I live in a supposedly rich EU country on paper, and public charging infrastructure is still severely lacking. Only newly built post-2018 apartments have power sockets in the garage so you can install a charger, the rest? God speed. Government action here has been lacking on public EV infrastructure front, they just gave subsidies for EVs which were ultimately just handouts to businesses and rich people who owned their own single family homes with chargers and solar panels, but now that market of house owners is saturated, since they already own EVs so of course sales have tanked, d'uh!

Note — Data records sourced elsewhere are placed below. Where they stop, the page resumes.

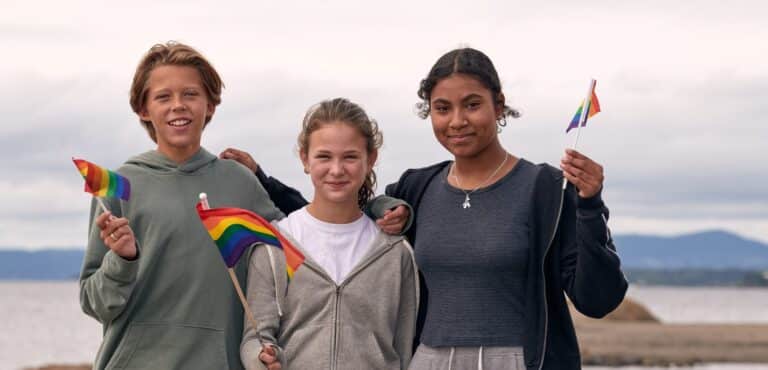 Tre ungdommer har prideflagg og ser inn i kameraet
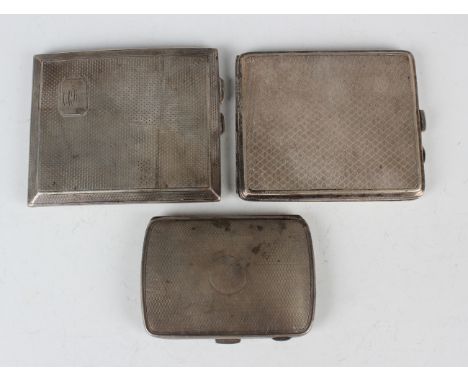 Three George V silver engine turned rectangular cigarette cases, Chester 1922 and 1929 and Birmingham 1926, total weight 370.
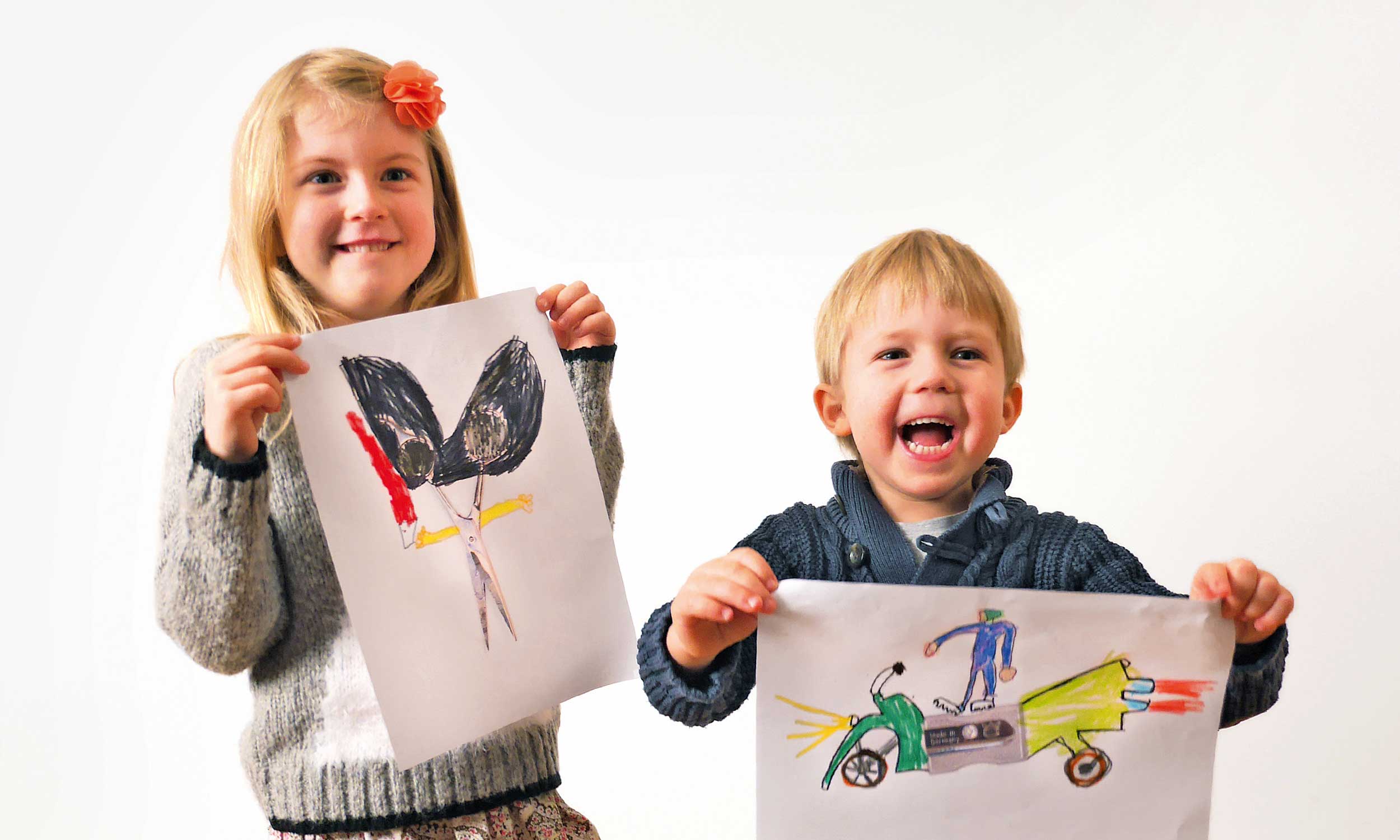 Two children proudly hold their self-painted pictures in their hands.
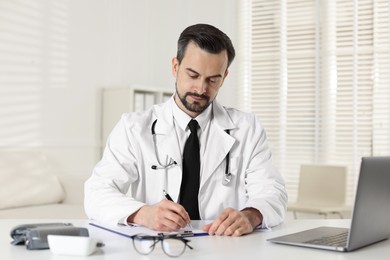 Cardiologist with stethoscope working at white table in clinic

It was just another politically driven short sighted move, and now again, they're looking at fixing just the resulting effect and not the root cause. So in a Kafkaesque way, the huge amount of EU regulation, protectionism and interference had done more harm than good to the EU EV industry versus ripping the band aid during the good economic times and letting free market run its course, so now the industry is stuck with an economic recession to boot waiting for more regulations to save it, which might again, harm it more in the long term instead of making it competitive.


This feels vaguely ahistorical; the best-selling manufacturer of EVs in Europe in any given quarter has usually been VW AG (European) for a while now.

> but now that market of house owners is saturated, since they already own EVs so of course sales have tanked, d'uh!

How are you defining tanked? They stalled for about a year but have resumed growth.

> Europeans couldn't justify the purchase of an EV especially given the lower purchasing power compared to USaians.

And yet, somehow, Europe remains a larger market for electric cars than the US (of course, China is far larger than either).

> so now the industry is stuck with an economic recession to boot waiting for more regulations to save it

Again, VW etc seem fairly healthy. Stellantis not so much (though they are somehow still profitable), but their strategy of just owning all the brands that everyone thinks no longer exist and not doing much with them always seemed fairly incoherent.

All in all, this feels like you've come up with a narrative, and are just running with it regardless of reality, tbh.


I understand why you'd feel that way but let's remember that Nokia and Blackberry also had their strongest year ever in 2008-2009 years after the iPhone launched so it can be pretty deceiving to decide the future is fine just by looking at a graph of today.


What's your thesis here, that BYD et al will totally replace the European car industry or something? This doesn't seem to be particularly plausible, and, as above, pretty much everything you have claimed is dubious or flat-out incorrect.


>What's your thesis here, that BYD et al will totally replace the European car industry or something?

You're putting words in my mouth that I never said. I never made such claims. Obviously it will not, since the auto industry gets more government protections than the likes of Nokia or Blackberry did, but a good indicator is to monitor sales in regions that don't have specialized tariffs on Chinese vehicles to protect western ones, like Australia maybe.

>pretty much everything you have claimed is dubious or flat-out incorrect.

YOU think they are incorrect. I don't think everything I said is incorrect, especially the parts about manufacturers outsourcing critical innovation causing them to fall behind, EV infrastructure in my EU country being deficient leading people not to buy EVs, and consumer purchasing power/habits. The only part where I am wrong is about current sales numbers, but spot sales and rarely an indicator of the general industry trend or future.


>high on their own arrogance of European hundred year old industry superiority.

For Fiat; absolutely! For Stellantis… probably, but I really can’t tell sometimes. It’s just so questionable at every turn.

I really don’t think they even tried to understand the US market.


Would you say that Ferdinand Piech did a bad job with VAG? Or were his successors at fault there?